YOUR OBJECTIVE — Copy from the first line below down to and including the line with "We are looking". Skip the pictures.

DATA —
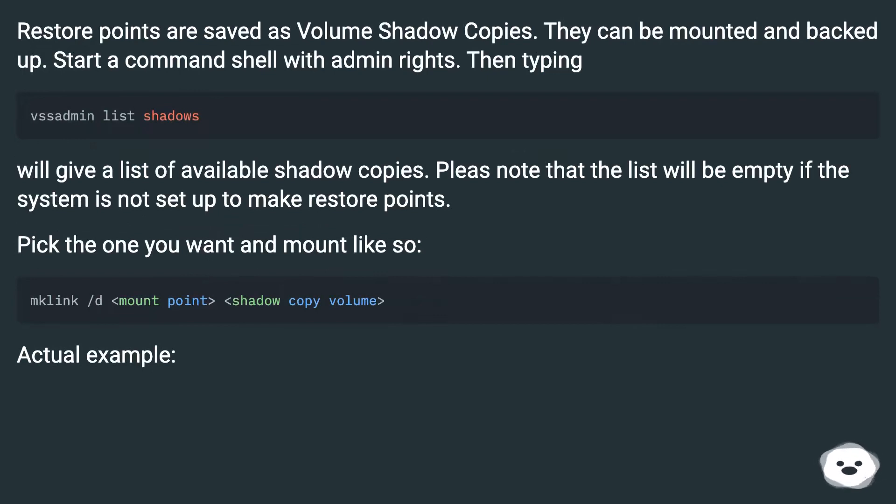Restore points are saved as volume shadow copies. They can be mounted and backed up. Start a command shell with admin rights, then type a command which will give a list of available shadow copies. Please note that the list will be empty if the system is not set up to make restore points. Pick the one you want and mount it.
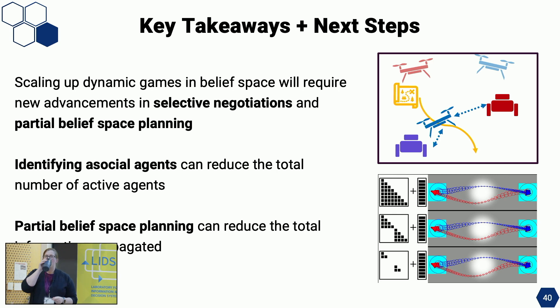On social versus asocial: what we mean is that during the iterative negotiation, for asocial agents we say they won't be influenced by changes to our trajectory. So in the algorithm, we set them as already being at their minimum trajectory and plan only around that fixed policy.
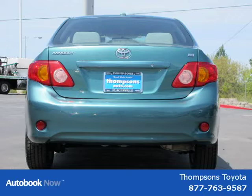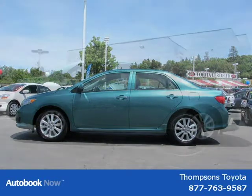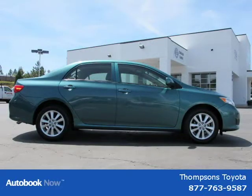This 2010 Toyota Corolla is located in Sacramento, California and has 42,369 miles on it. It has a beautiful caprice metallic exterior paint color which is complemented by a slate gray LE cloth interior color.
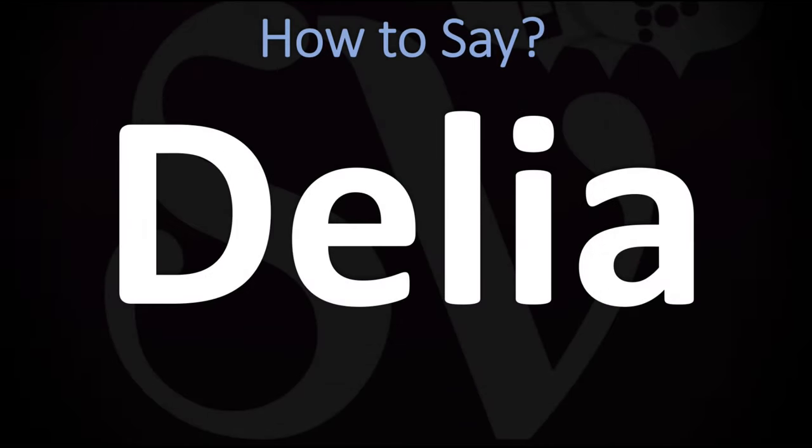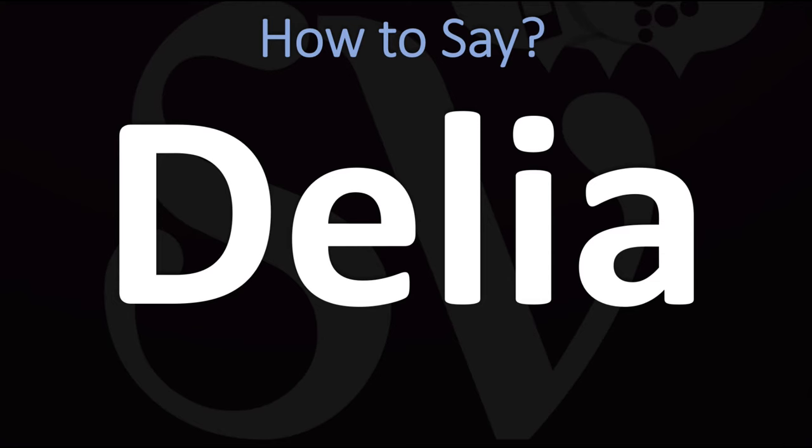We are looking at how to pronounce this name, as well as how to say more interesting and often mispronounced names — some of the most mispronounced ones in fact. Make sure to stay tuned and consider subscribing for more.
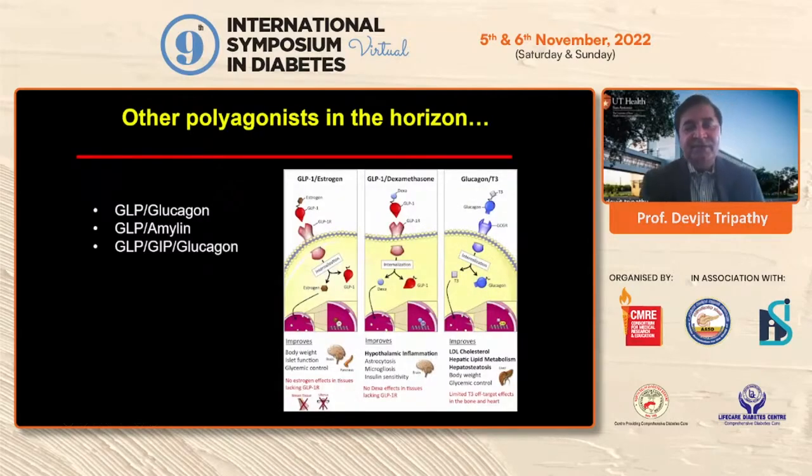What are the other polyagonists? There are GLP-1/glucagon and GLP-1/GIP/glucagon triple agonists being pursued. We are also starting a trial on semaglutide plus cagrilintide, which is an amylin analog. Other future compounds include GLP-1/estrogen and GLP-1/dexamethasone conjugates. In the GLP-1/dexamethasone approach, GLP-1 acts as a vehicle to enter the hypothalamus, then dexamethasone acts centrally to reduce appetite, inhibiting hypothalamic inflammation without systemic effects on bone or insulin resistance — though this is still only in animal models.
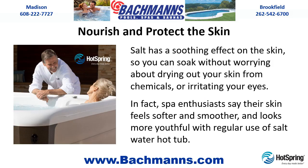Nourish and Protect the Skin. Salt has a soothing effect on the skin, so you can soak without worrying about drying out your skin from chemicals or irritating your eyes. In fact, spa enthusiasts say their skin feels softer and smoother and looks more youthful with regular use of a salt water hot tub.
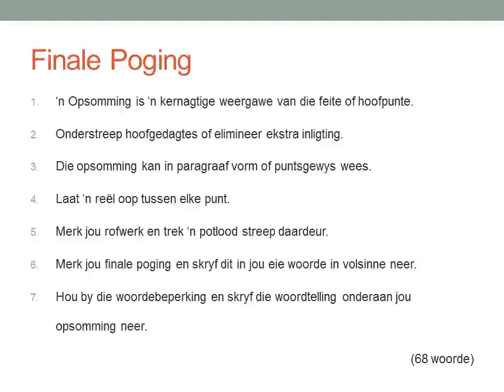Let's quickly read our summary. 1. 'n Opsomming is 'n kernachtige weergawe van die feite of hoofpunte. 2. Onderstreep hoofgedagtes of elimineer ekstra inligting. 3. Die opsomming kan in paragraafvorm of puntsgewys wees. 4. Laat 'n reël oop tussen elke punt. 5. Merk jou rovwerk en trek 'n potloodstreep daardeur. 6. Merk jou finale poging en skryf dit in jou eie woorde in volsinne neer. 7. Hou by die woordbeperking en skryf die woordtelling onder jou opsomming neer.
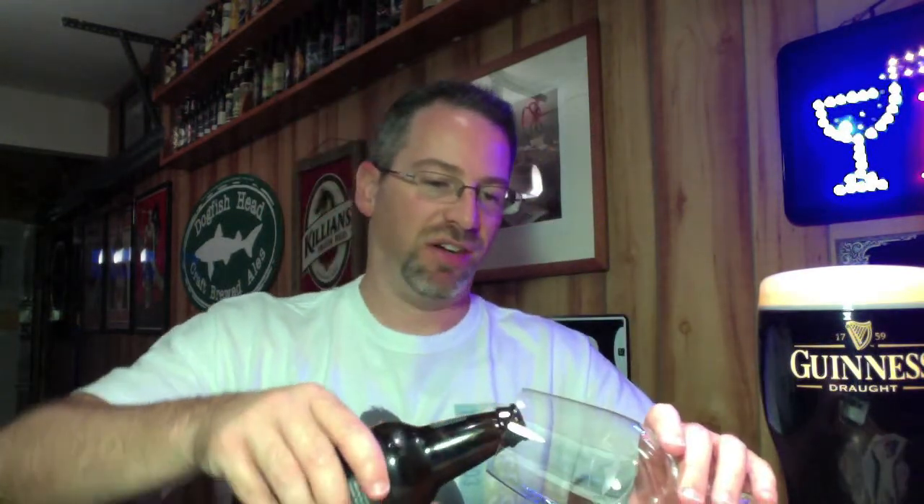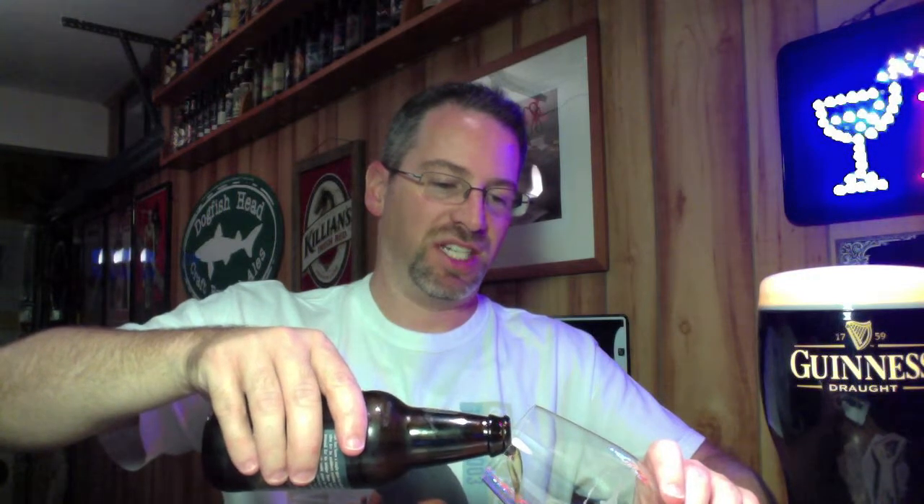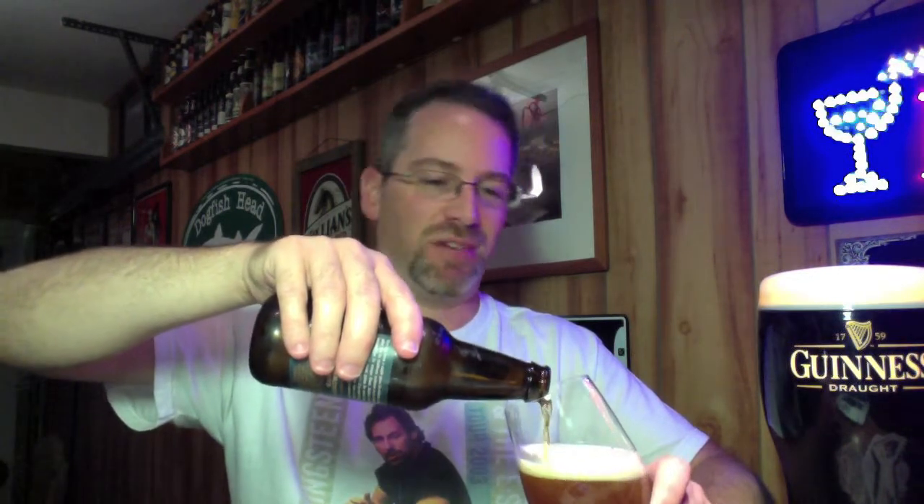This is from Sierra Nevada — I've not done this one before. This is Ruthless Rye, which is an IPA style, apparently one of the more aggressive ones. It's also a limited edition seasonal, which I've been hanging on to for a while. I think it's one that's more routinely used in the winter months, but I haven't gotten around to it until now.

OUTPUT OF THE TASK —
Restore points are saved as volume shadow copies. They can be mounted and backed up. Start a command shell with admin rights, then type a command which will give a list of available shadow copies. Please note that the list will be empty if the system is not set up to make restore points. Pick the one you want and mount it.
On social versus asocial: what we mean is that during the iterative negotiation, for asocial agents we say they won't be influenced by changes to our trajectory. So in the algorithm, we set them as already being at their minimum trajectory and plan only around that fixed policy.
This 2010 Toyota Corolla is located in Sacramento, California and has 42,369 miles on it. It has a beautiful caprice metallic exterior paint color which is complemented by a slate gray LE cloth interior color.
We are looking at how to pronounce this name, as well as how to say more interesting and often mispronounced names — some of the most mispronounced ones in fact. Make sure to stay tuned and consider subscribing for more.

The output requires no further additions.